Re: [PATCH 03/13] gpu: nova-core: fsp: try to enforce exclusive access to FSP channel

From: Eliot Courtney

Date: Tue Jun 16 2026 - 22:56:49 EST

On Tue Jun 16, 2026 at 2:16 AM JST, Gary Guo wrote:
> On Mon Jun 15, 2026 at 3:40 PM BST, Eliot Courtney wrote:
>> Currently, `send_msg` assumes that the channel to FSP is free to write
>> into. But, it might not be. Both the kernel driver and GSP communicate
>> with FSP. The way they should attempt to keep exclusive access to this
>> channel to FSP is by making sure they don't try to start writing if
>> there's pending data until the full round trip has finished.
>>
>> Signed-off-by: Eliot Courtney <ecourtney@xxxxxxxxxx>
>> ---
>> drivers/gpu/nova-core/falcon/fsp.rs | 23 +++++++++++++++++++++++
>> 1 file changed, 23 insertions(+)
>>
>> diff --git a/drivers/gpu/nova-core/falcon/fsp.rs b/drivers/gpu/nova-core/falcon/fsp.rs
>> index 21eaa8e261ce..cdb476894e1a 100644
>> --- a/drivers/gpu/nova-core/falcon/fsp.rs
>> +++ b/drivers/gpu/nova-core/falcon/fsp.rs
>> @@ -125,6 +125,26 @@ fn poll_msgq(&self, bar: Bar0<'_>) -> Result<u32> {
>> }
>> }
>>
>> + /// Both the kernel driver and GSP talk to FSP. Try to ensure exclusive access to the FSP is
>> + /// enforced by making sure there is not a pending message already sent to FSP, and that there
>> + /// is no pending message from FSP to be read.
>> + fn wait_until_ready(&mut self, bar: Bar0<'_>) -> Result {
>> + read_poll_timeout(
>> + || {
>> + let qhead = bar.read(regs::NV_PFSP_QUEUE_HEAD::at(0)).address();
>> + let qtail = bar.read(regs::NV_PFSP_QUEUE_TAIL::at(0)).address();
>> + let mhead = bar.read(regs::NV_PFSP_MSGQ_HEAD::at(0)).val();
>> + let mtail = bar.read(regs::NV_PFSP_MSGQ_TAIL::at(0)).val();
>
> How does this prevent race between kernel and GSP when initiating FSP
> communcation?

You are right that it does not prevent it in the general case.

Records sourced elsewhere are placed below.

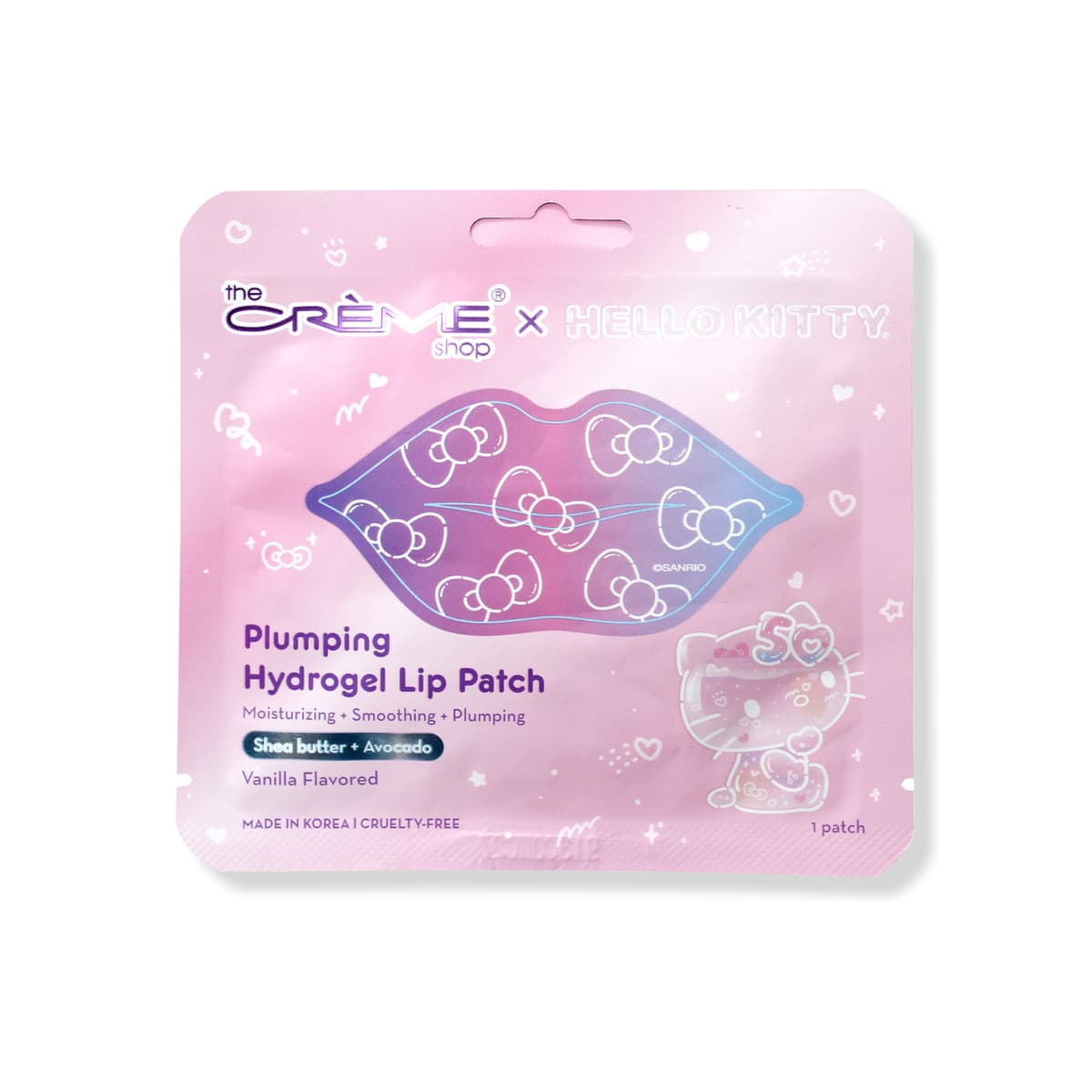 Hello Kitty 50 Plumping Hydrogel Lip Patch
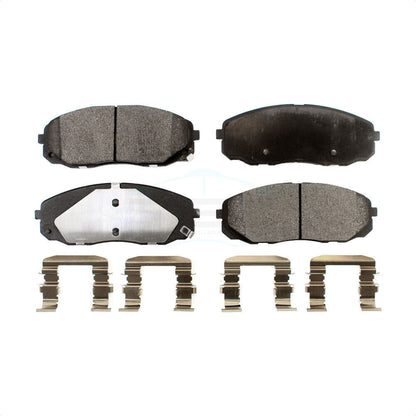 Plaquettes de frein à disque avant en céramique pour Kia Sedona 2015 – 2021 TEC-1814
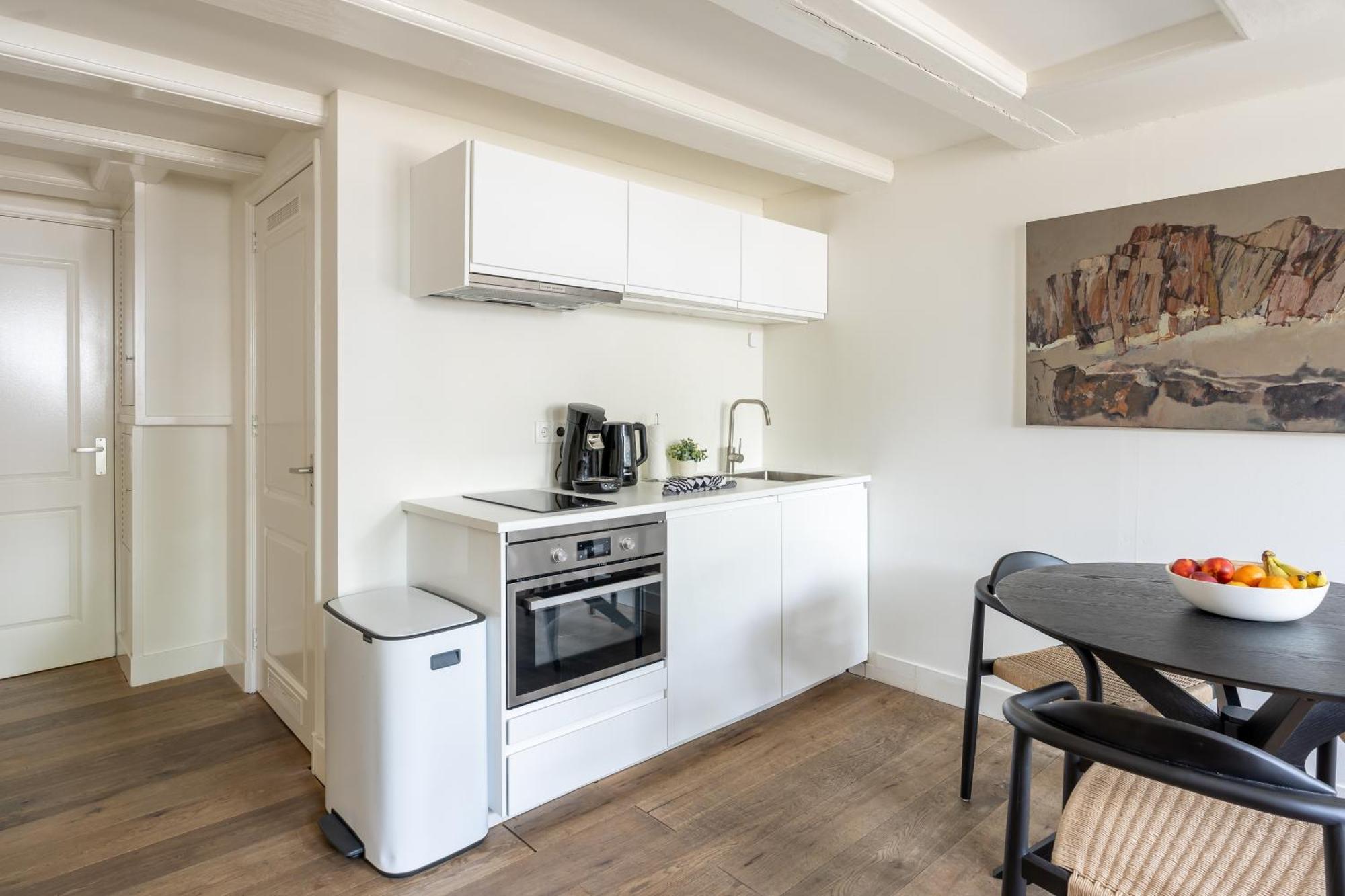Amsterdam Dockside Flats Lejlighedshotel Eksteriør billede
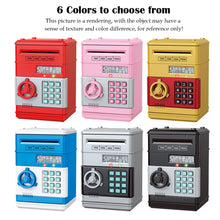 ATM Password Piggy Bank, Electronic Kids Money Bank Coin Can Auto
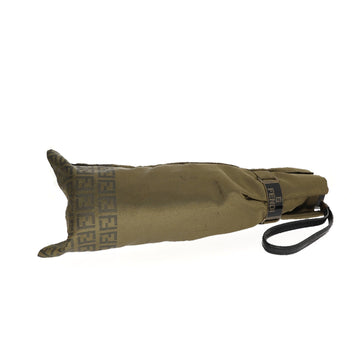 FENDI Vintage Umbrella in green fabric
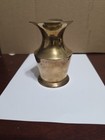 Vintage Solid Brass 5   Tall   Pitcher With Handle  India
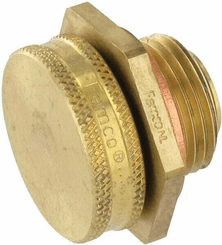 Pièces agricoles - Moteurs pièce adaptable - Bouchon de vidange BSP1/2"-14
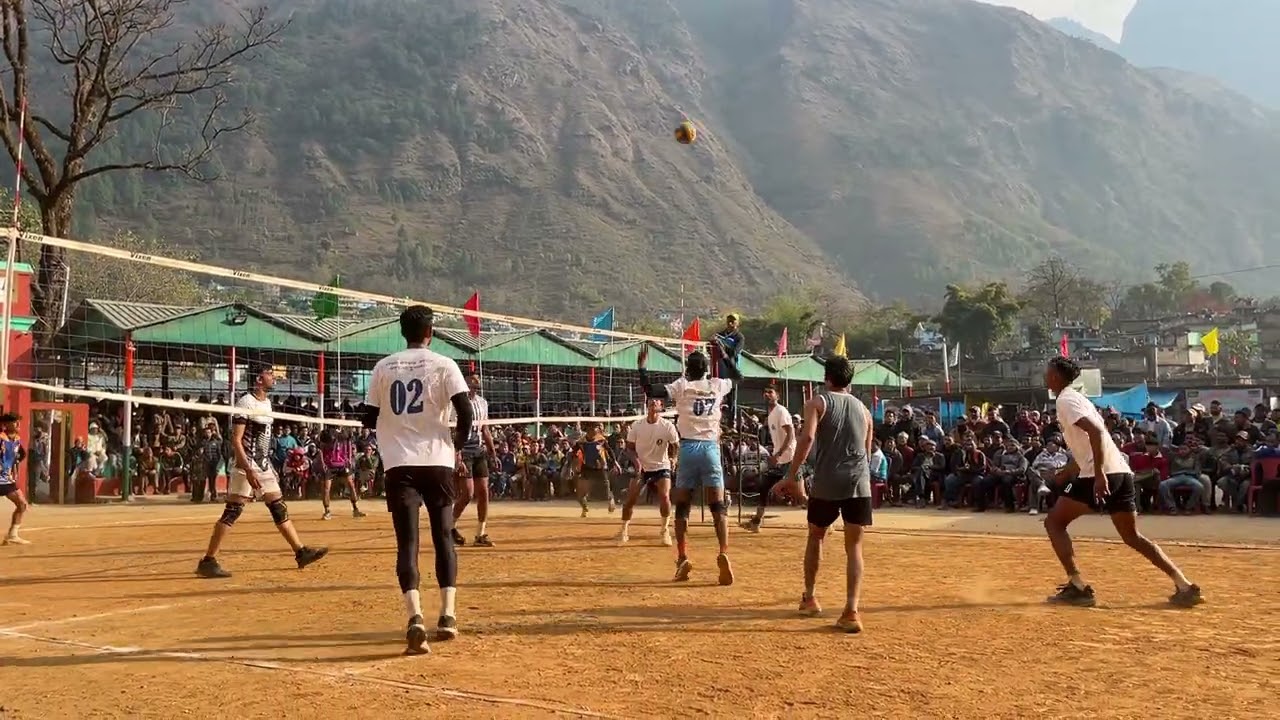 Khatima Vs Dharchula Volleyball Match 🏐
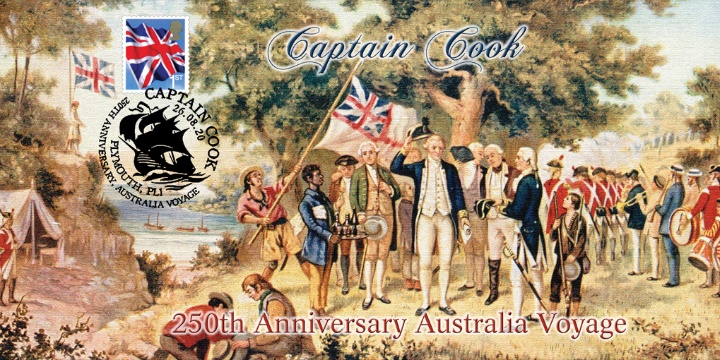 Captain Cook, Australia Voyage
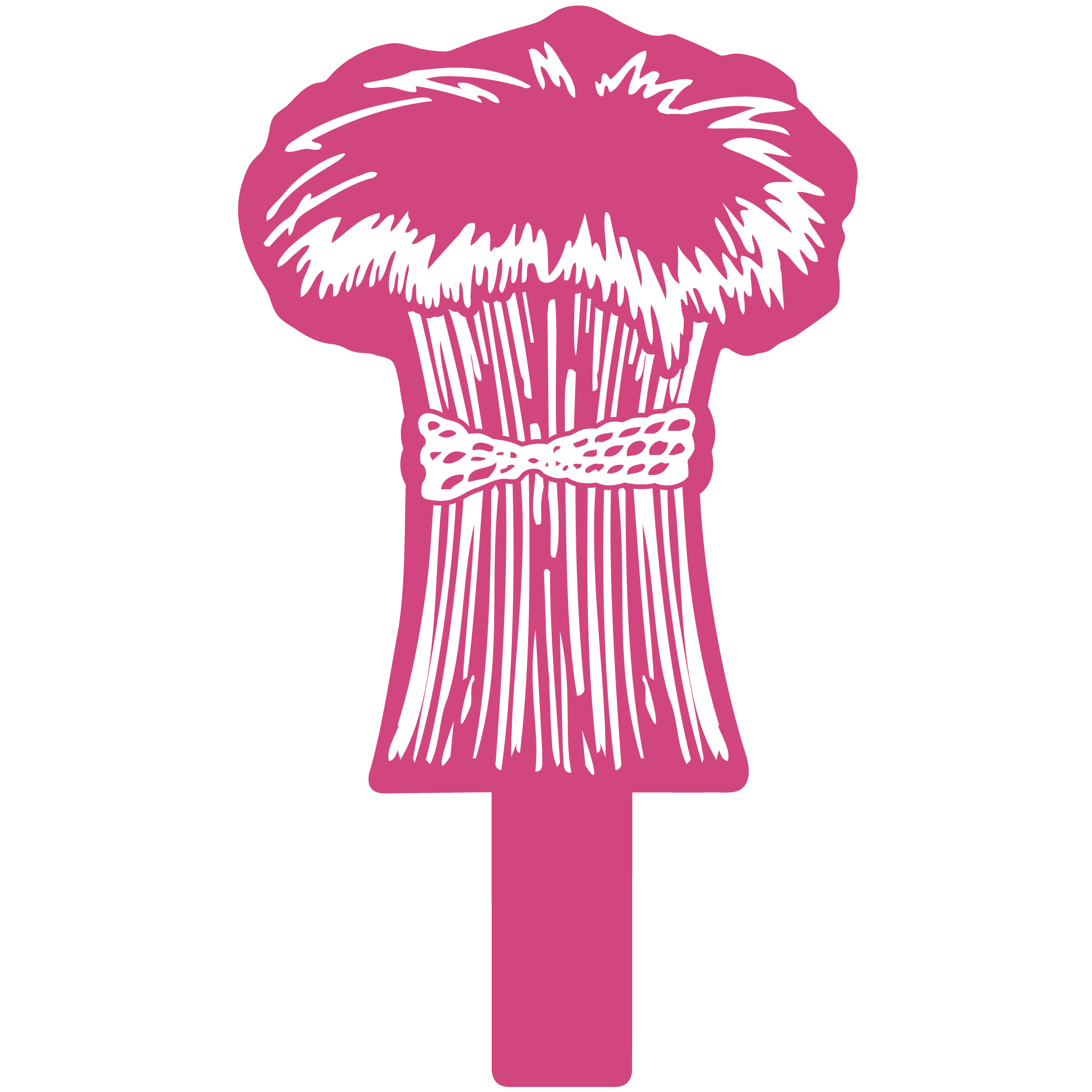 Foam Haystack Waver 24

This is the logic that openrm uses and locally, much earlier, I observed
sometimes I did actually need this for reprobe to work. I think the
reason (but it's been a while) is that before we did not wait for GSP to
halt on unload and probe failure, which could mean there's a leftover
message from FSP that is not consumed if you reprobe quickly after a
failure. Now that we wait for GSP to halt it's much harder for this kind
of issue to occur. Actually, it might be impossible currently for this
kind of race to happen without a failure on unload (e.g. timeout of
waiting for GSP to reset).

The reason I thought to add this is more to match what appears to be
the protocol that this transport uses (even if it might not be sound
generally). I am curious what others think, if it's worth keeping this -
IMO it is since it does appear to be part of the way the communication
on the transport is meant to be done.

At least the comments could be better, since it looks like my hedging
"try to ensure" is confusing because it really doesn't in the general
case.

>
> Best,
> Gary
>
>> +
>> + Ok(qhead == qtail && mhead == mtail)
>> + },
>> + |&ready| ready,
>> + Delta::from_millis(10),
>> + Delta::from_millis(FSP_MSG_TIMEOUT_MS),
>> + )?;
>> + Ok(())
>> + }
>> +
>> /// Writes `packet` to FSP EMEM and updates the queue pointers to notify FSP.
>> ///
>> /// Returns `EINVAL` if `packet` is empty or its length is not 4-byte aligned.
>> @@ -133,6 +153,9 @@ pub(crate) fn send_msg(&mut self, bar: Bar0<'_>, packet: &[u8]) -> Result {
>> return Err(EINVAL);
>> }
>>
>> + // Try to make sure we have exclusive access to the FSP at this point.
>> + self.wait_until_ready(bar)?;
>> +
>> self.write_emem(bar, packet)?;
>>
>> // Update queue pointers. TAIL points at the last DWORD written.